Bitcoin

Objet de spéculation et de cyberattaques, le Bitcoin n’a pas fini de susciter peur et fascination. Malgré les nombreuses questions de sécurité qu’il soulève, il jouit d’un intérêt croissant du grand public. Qu’est-ce que le Bitcoin ? Comment fonctionne-t-il ? Quels sont ses risques ?

Qu’est-ce que le Bitcoin ?

Le Bitcoin une monnaie électronique, créée en 2009 par un programmeur se faisant appeler Satoshi Nakamoto, et qui s’échange librement sur Internet, de personne à personne ; on parle de système « peer to peer ». Les paiements effectués avec cette monnaie ont la particularité de se faire en dehors des réseaux bancaires. Il est prévu que le stock de Bitcoins soit fini et fixé à 21 millions d’unités, ce qui limite le risque d’ inflation   Définition Hausse continue du niveau général des prix. Pour mesurer le taux d'inflation on utilise, la plupart du temps, l'indice des prix à la consommation.
. Ce stock est progressivement « miné », c’est-à-dire généré par les internautes qui utilisent pour ce faire un logiciel complexe.

 

Bitcoin en chiffres

Fixé à 21 millions d’unités, le stock de Bitcoins n’a pas encore été intégralement « miné ». À ce jour c’est environ la moitié du stock qui a été mis en circulation. Le rythme de production de la monnaie est toutefois divisé par deux tous les quatre ans. Les 21 millions d’unités devraient donc être produites en 2033. Le cours du Bitcoin est extrêmement volatile, comme en témoigne le graphique ci-dessous :

Prix du Bitcoin

A quoi sert cette devise ?

Les Bitcoins sont utilisés commemoyen de paiement direct en ligne. On peut toutefois les convertir en dollars ou en euros sur des marchés prévus à cet effet. Des pièces physiques ont même été lancées, que l’on peut en acheter en ligne en utilisant soit des Bitcoins virtuels soit des moyens de paiements traditionnels, sur eBay, BitMit, MemoryDealers ou encore HardBTC.

Comment utiliser les Bitcoins ?

Comment obtenir des Bitcoins ?

Pour obtenir des Bitcoins d’une façon à la fois simple et rapide, il faut recourir à des plateformes en ligne où on peut les acheter contre des euros ou une autre devise. D’autres sites ont la même fonction, comme Bitcoin-Central en France. Il est aussi possible de se tourner vers l’allemand Bitcoin.de.

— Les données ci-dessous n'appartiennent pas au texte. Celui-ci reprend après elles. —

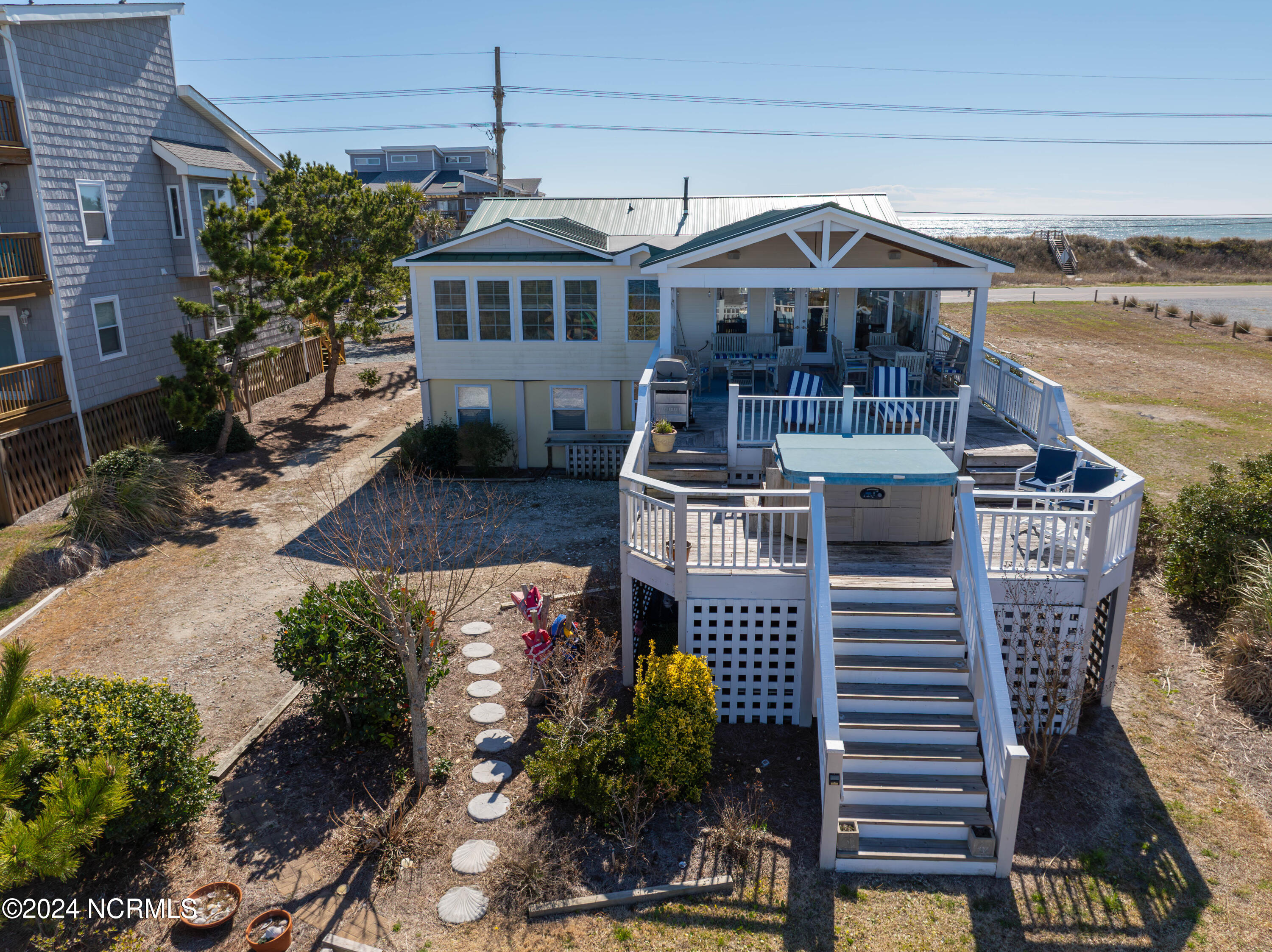 1750/1763 New River Inlet Road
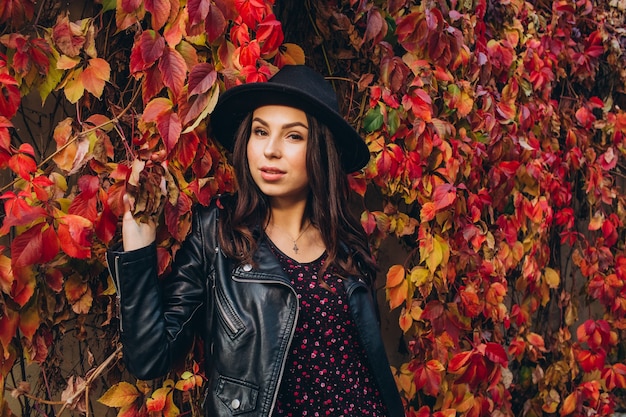 Foto retrato de uma jovem posando na cidade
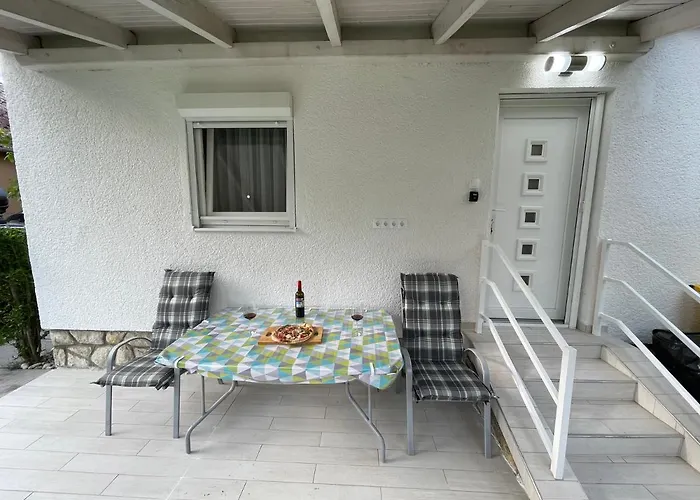 Case de vacanță Hellomaria Balatonmáriafürdő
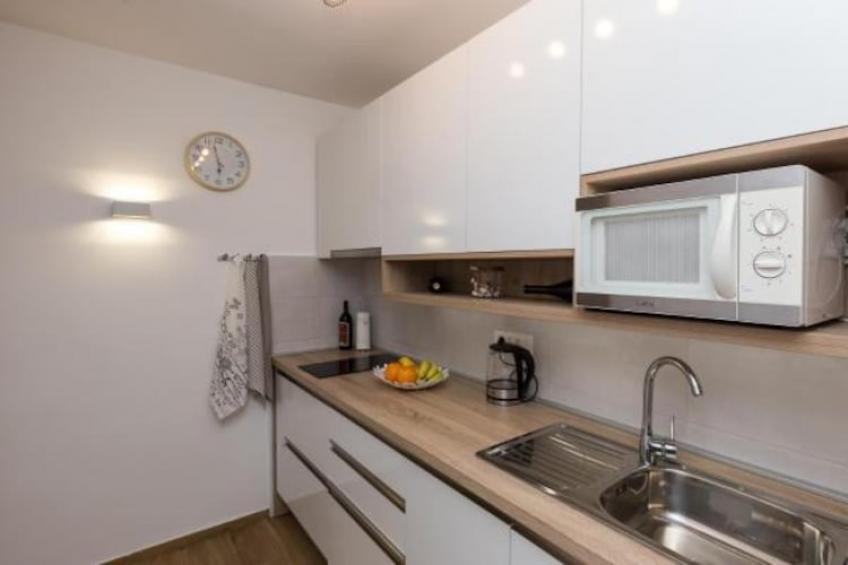 Apartment Hitri - One Bedroom Apartment with Terrace and Garden View - foto 10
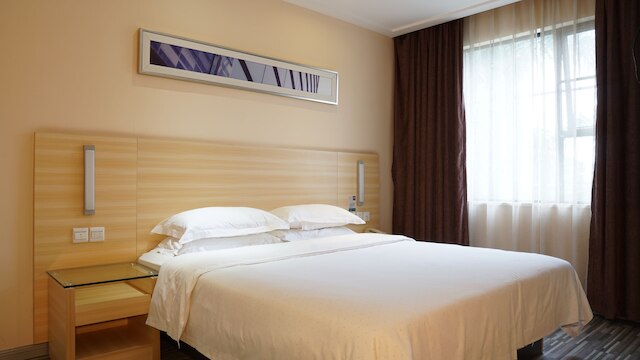 シティ コンフォート イン佛山窖口バス (城市便捷酒店)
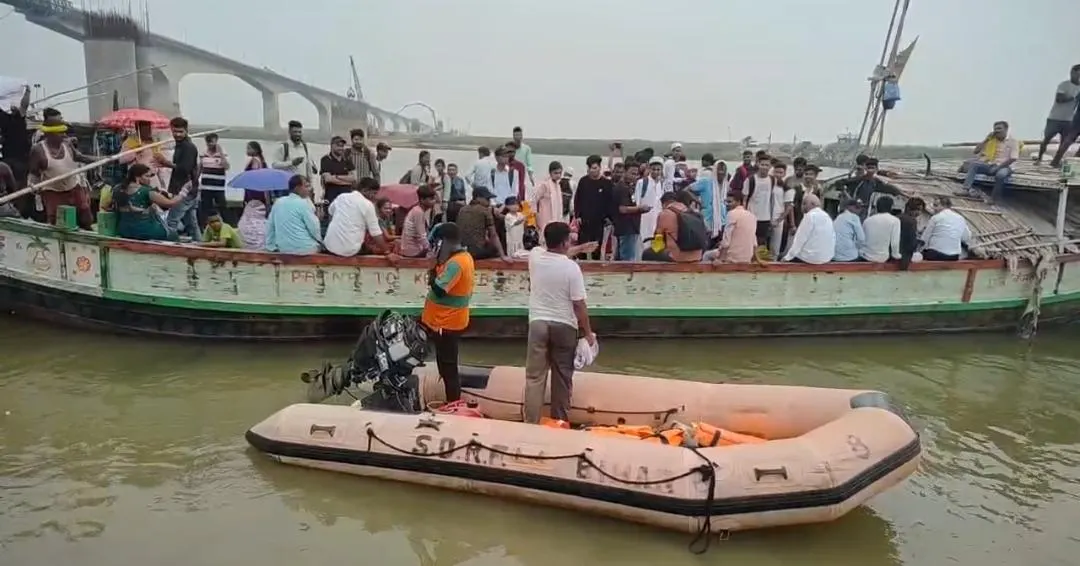 बीच धारा में खराब हुई यात्रियों से भरी नाव, एसडीआरएफ ने बचाई 100 से ज्यादा जानें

Si on prend l’exemple de Bitcoin-Central, l’achat de Bitcoins se fait en trois étapes.

Il convient tout d’abord d’ouvrir un compte sur le site Bitcoin-Central en se créant un identifiant et un mot de passe. Il devient alors possible d’alimenter ce compte en euros, ou une autre devise, par virement bancaire.

L’utilisateur doit ensuite consulter le carnet d’ordres du site. Ce carnet d’ordres recense les prix auxquels les vendeurs de Bitcoins sont prêts à échanger la devise virtuelle contre des euros, ou une autre devise.

Enfin, il faut passer un ordre en proposant un prix limite d’achat, qui est le prix maximum auquel on est prêt à acheter les Bitcoins. L’ordre n’est exécuté qu’à partir du moment où un vendeur de Bitcoins propose un prix inférieur ou égal au prix limite d’achat. Une fois l’ordre exécuté, le compte de l’utilisateur est alimenté en Bitcoins et ses avoirs en euros, ou en autres devises, sont transférés au vendeur de Bitcoins.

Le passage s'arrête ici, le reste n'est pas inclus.